2. You won’t find more contrasting offensive styles with the stakes so high.

It’s thunder against lightning as the Orioles led the major leagues with 211 home runs while the Royals stole more bases (153) than any of the 29 other clubs. Meanwhile, Baltimore stole the fewest number of bases (44) in the big leagues and Kansas City ranked 30th with only 95 home runs. Five Royals players hit double digits in swiped bags while the Orioles’ leader in the category was David Lough with eight. Seven Orioles hit 12 or more homers — Manny Machado and Chris Davis will not play in this series — compared to just three for Kansas City. Despite their contrasting styles, the Orioles finished the regular season ranked sixth in the AL in runs with 705 compared to Kansas City coming in ninth with 651. Baltimore has the better offense over the long haul, but the Royals will try to turn a short series into a 100-meter dash while the Orioles emphasize their advantage in the shot put.

3. The Royals stack up more favorably to the Baltimore defense that Detroit did.

The Orioles still have the edge in the field, but Kansas City has a number of Gold Glove-caliber players including catcher Salvador Perez and outfielders Alex Gordon and Lorenzo Cain. The Orioles rank third in the AL in BaseballReference.com’s defensive efficiency statistic while the Royals came in sixth in the regular season. Baltimore made the third-fewest number of errors (87) in the AL this season while Kansas City ranked 10th with 104. Both clubs made sparkling plays in the Division Series and rely on their defense to make a difference in close games.
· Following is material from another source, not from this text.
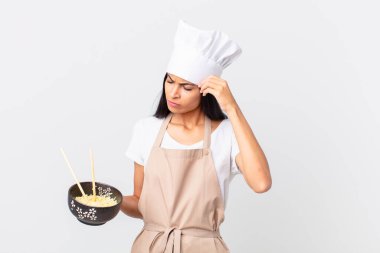 Güzel İspanyol aşçı kadın şaşkın ve kafası karışmış hissediyor. Kafasını kaşıyor ve elinde erişte kasesi tutuyor.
4. Scoring early will be a high priority for both clubs.

Unlike the luxury the Orioles had against Detroit in the Division Series, they cannot expect to wait out starting pitchers for scoring opportunities in the late inning against the Royals, whose trio of Greg Holland, Wade Davis, and Kelvin Herrera might be even better than their own triumvirate of Zach Britton, Andrew Miller, and Darren O’Day. The Orioles’ 3.10 bullpen ERA ranked third in the AL while Kansas City’s 3.30 mark ranked fifth, which will cause both lineups to feel the urgency to break through prior to the sixth inning. Even with so many other great names in each bullpen, the wild cards could be right-hander Kevin Gausman and Kansas City lefty Brandon Finnegan, who made a major impact in the Wild Card Game after only being drafted in the first round out of Texas Christian a few months ago.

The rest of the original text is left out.